Recall that the president had in a recent meeting with labour leaders promised to send a Bill to the National Assembly for the minimum wage for workers in the county to be reviewed upward.
The bill sent to the Senate on Tuesday by the president seeks to legalise the N70,000 minimum wage for Nigerian workers.
In a letter read by the Senate president, Godswill Akpabio, during plenary, Tinubu asked the upper chamber to expedite consideration on the Bill.
Meanwhile, the Bill scaled second and third reading in both the two chambers of the National Assembly, minutes after it was transmitted by the president and thereafter passed separately by the two chambers.
President Tinubu is expected to sign the bill into law after it has been passed to him in the Aso Rock Presidential Villa.
Earlier in his letter separately sent to the Senate and the House of Representatives requesting expeditious consideration of a bill for an Act to amend the National Minimum Wage Act, 2019 to increase the National Minimum Wage from N30,000 to N70,000, the president asked the lawmakers to reduce the time for periodic review of the national minimum wage from five years to three years and related matters.
Tinubu and the leadership of the organised labour last Thursday agreed on N70,000 as the new minimum wage for Nigerian workers.
The agreement followed a series of talks between labour leaders and the president in the last few weeks after months of failed talks between labour and a tripartite committee on minimum wage constituted by the President in January.

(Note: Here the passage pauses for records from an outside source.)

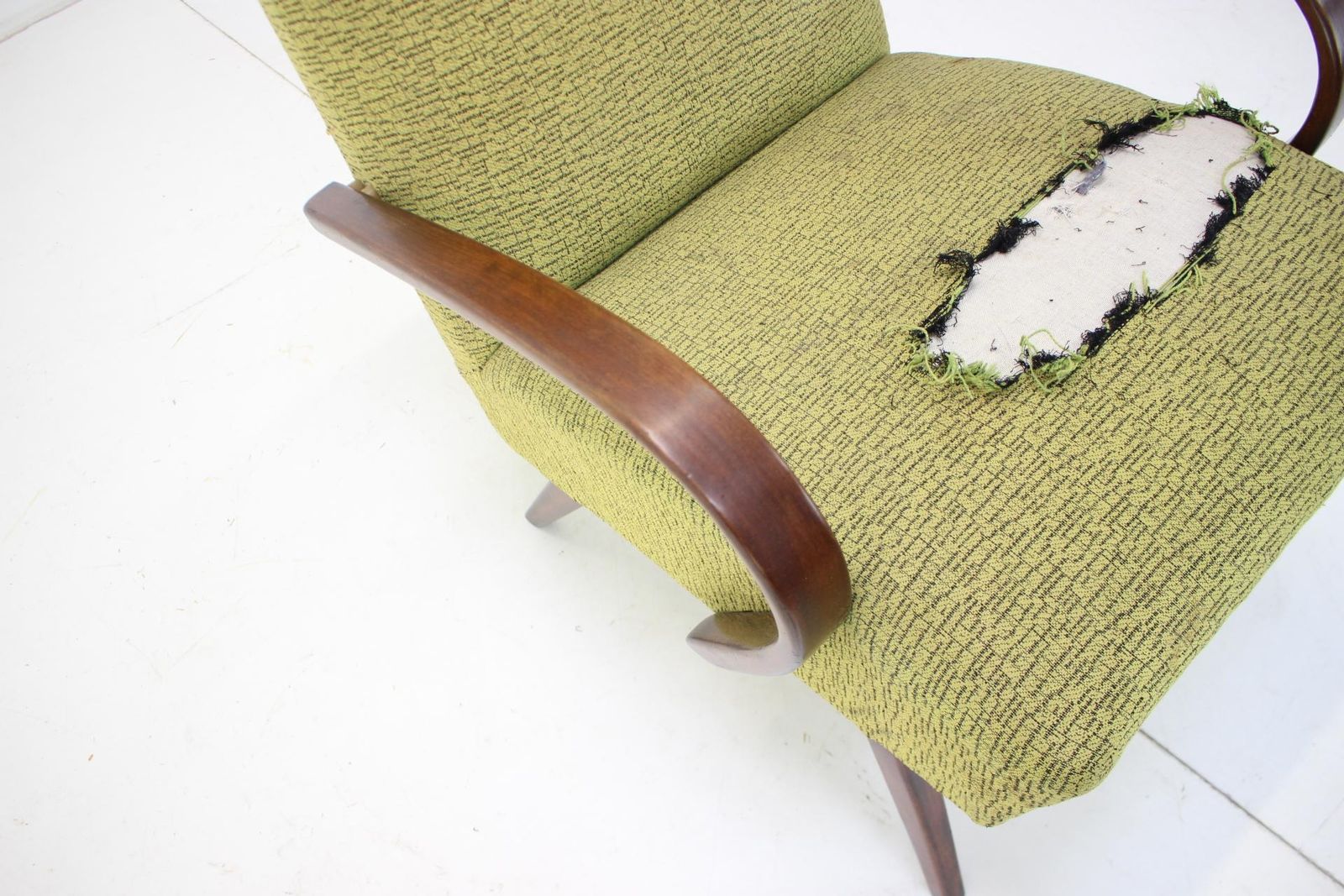 photo furniture 1960s Beech Armchair By Jaroslav Smidek For Ton, Czechoslovakia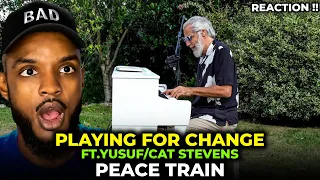 🎵 Playing For Change - Peace Train ft Yusuf Cat Stevens REACTION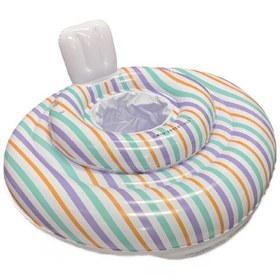 Resim Swim Essentials Striped Rainbow Bebek Sırt Destekli Yüzme Simidi 1-2 Yaş 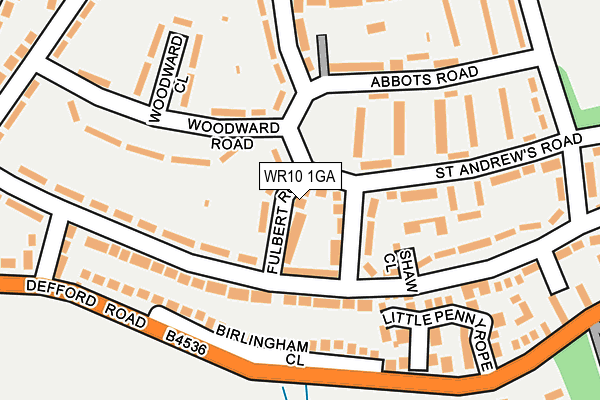 WR10 1GA map - OS OpenMap – Local (Ordnance Survey) WR10 1GA map - OS OpenMap – Local (Ordnance Survey)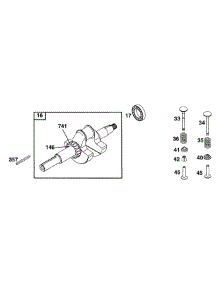 Crank Grp parts for Briggs & Stratton Engine 252417-0150-99 from AppliancePartsPros.com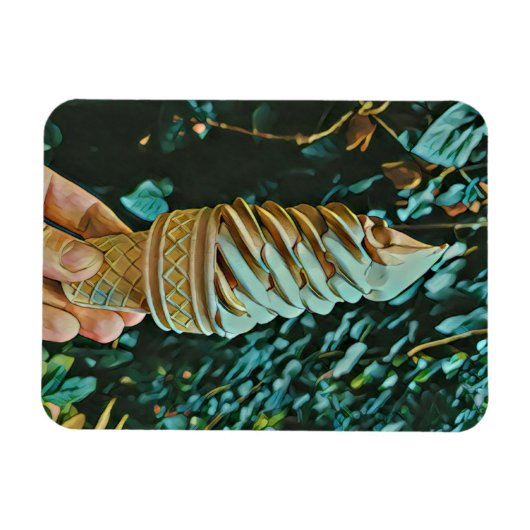 Eis-Rezept Magnet (Horizontal)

The committee, which comprised state and federal governments and the organised private sector, had proposed N62,000 while labour insisted on N250,000 as the new minimum wage for workers who currently earn N30,000 as minimum wage.

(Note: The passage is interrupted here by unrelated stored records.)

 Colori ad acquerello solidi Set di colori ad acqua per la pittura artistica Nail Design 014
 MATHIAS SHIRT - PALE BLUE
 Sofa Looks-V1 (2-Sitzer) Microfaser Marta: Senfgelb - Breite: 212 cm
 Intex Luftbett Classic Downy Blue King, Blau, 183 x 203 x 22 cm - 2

Labour had said N30,000 was unsustainable for workers, considering the current economic realities and high cost of living resulting from the removal of petrol subsidy by the president.
President of the Nigeria Labour Congress, NLC, Joe Ajaero said labour accepted N70,000 and rejected a proposal by President Tinubu to pay N250,000 minimum wage on a condition to increase petrol prices.
Ajarro also said labour accepted the N70,000 offer because minimum wage won’t be reviewed once in five years anymore but once every three years.